区長から職員へのメッセージ 庁内放送2012年(平成24年)2月1日

更新日 2012年2月3日

 職員の皆さん、お早うございます。区長の田中です。
 早いもので、もう2月になりました。年度末と年始が重なる1月から3月までは、慌ただしくしているうちに、日にちがどんどん過ぎて行きます。しかし、仕事の上で考えると、今年度の仕上げと来年度の準備が重なって、一年の内でも最も密度の高い時期でもあると思います。特に今月は来年度予算の審議をする区議会第1回定例会が行われ、来年度の事業についての考え方や準備が問われる重要な時期です。

 先日、監査委員から定期監査の報告を頂きました。この数年、監査で指摘されることが多く、その都度、注意を促してきたところですが、残念ながら、今年度も気になる指摘がかなりの数ありました。事務的なミスが多発することへの対応として、執行段階から、合規性や妥当性、効果、効率などをチェックできる内部監理の仕組みを組織的に導入するなどの準備をしています。

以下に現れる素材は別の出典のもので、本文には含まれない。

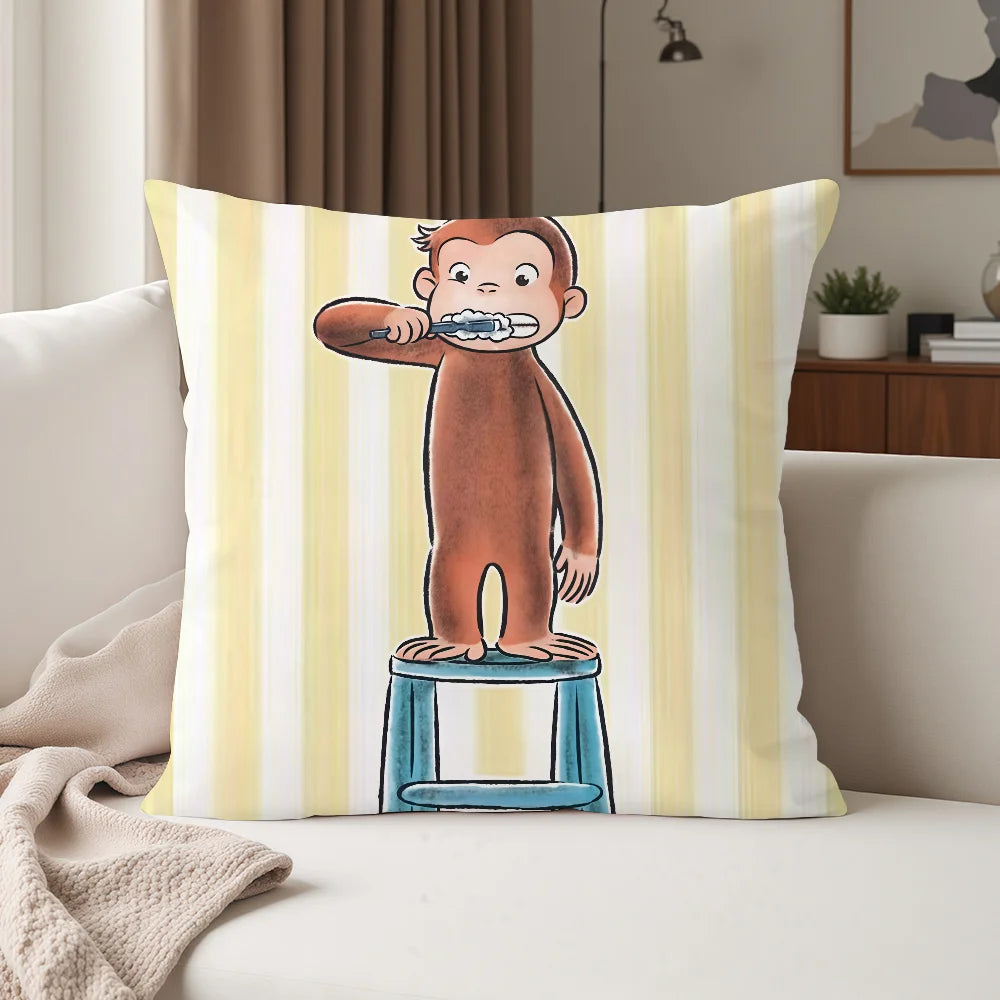A cartoon illustration of Curious George standing on a pedestal, printed on a striped pillowcase.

 しかし、誰かにチェックしてもらえばミスが無くなるということではありません。ミスがあった時に対応策を求めると、その事務について二重三重にチェックするというチェック体制の強化があげられることがよくあります。私はそれだけでは解決しないと思います。いくらチェックする仕組みをつくっても、時間の経過とともに慣れが生まれ、担当者が変わることでチェックの意味が継承されなくなったり、忙しさに取り紛れるなど、チェック漏れや形骸化のリスクはどんどん高まります。チェック体制を作って安心していたら、いつの間にか、それが機能しなくなっているということはしばしば起こります。

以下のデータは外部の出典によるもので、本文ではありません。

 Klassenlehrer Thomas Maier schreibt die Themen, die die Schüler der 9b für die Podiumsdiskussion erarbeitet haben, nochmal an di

 問題は、職員一人ひとりが、自分の従事している仕事の中の一つ一つの作業の意味や仕事のプロセスを理解し、仕事の行程から結果までの全体を管理するという視点なしには、ミスも不効率も無くならないということです。
 仕事を、誰かに指示される作業と捉え、言われた通り、前例に従った作業だけ繰り返していく姿勢からは、進歩もやりがいも生まれません。自分が今行っている仕事はどういう目標で行っていることなのか、誰が自分の仕事の顧客なのか、予算はどういう考えでどう組み立てたのか、契約や検査、収納等はどういう論理で手続きが決められ、作成する書類にはどういう意味があるのか、結果としての成果をどう評価し、どう改善していくのかなど、自分の仕事として、全体像を把握して取り組むことを当たり前の基本にしてほしいと思います。

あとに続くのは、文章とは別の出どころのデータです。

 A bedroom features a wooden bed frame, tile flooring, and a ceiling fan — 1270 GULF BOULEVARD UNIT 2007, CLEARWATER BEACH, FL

 また、各職場で監査の報告書と伝達注意事項を全員に回覧しているでしょうか。執行責任者は、その中で指摘されていることのうち、自分の担当で参考にすべき点をリストアップして、担当者とともに改善策をつくったでしょうか。監査委員は個々の間違いを見つけて、それを責めるために報告をしているのではありません。表面に出た間違いを正すことによって、類似の問題を再び起こさないよう、区全体の仕事をよりよいものにしていくために報告をしているのです。監査の報告は全ての項目が職員全員に向けての指摘なのだ、ということをよく理解してほしいと思います。

 年度末を控え、今年度の仕事を、もう一度最初から最後まで見直し、ミスのないよう万全を尽くすと共に、来年度につながる改善策を考えてほしいと思います。
 今年は例年にない寒さで、空気が乾燥し、風邪を引きやすい冬になりました。インフルエンザも流行しています。健康に留意しつつ、今月も頑張りましょう。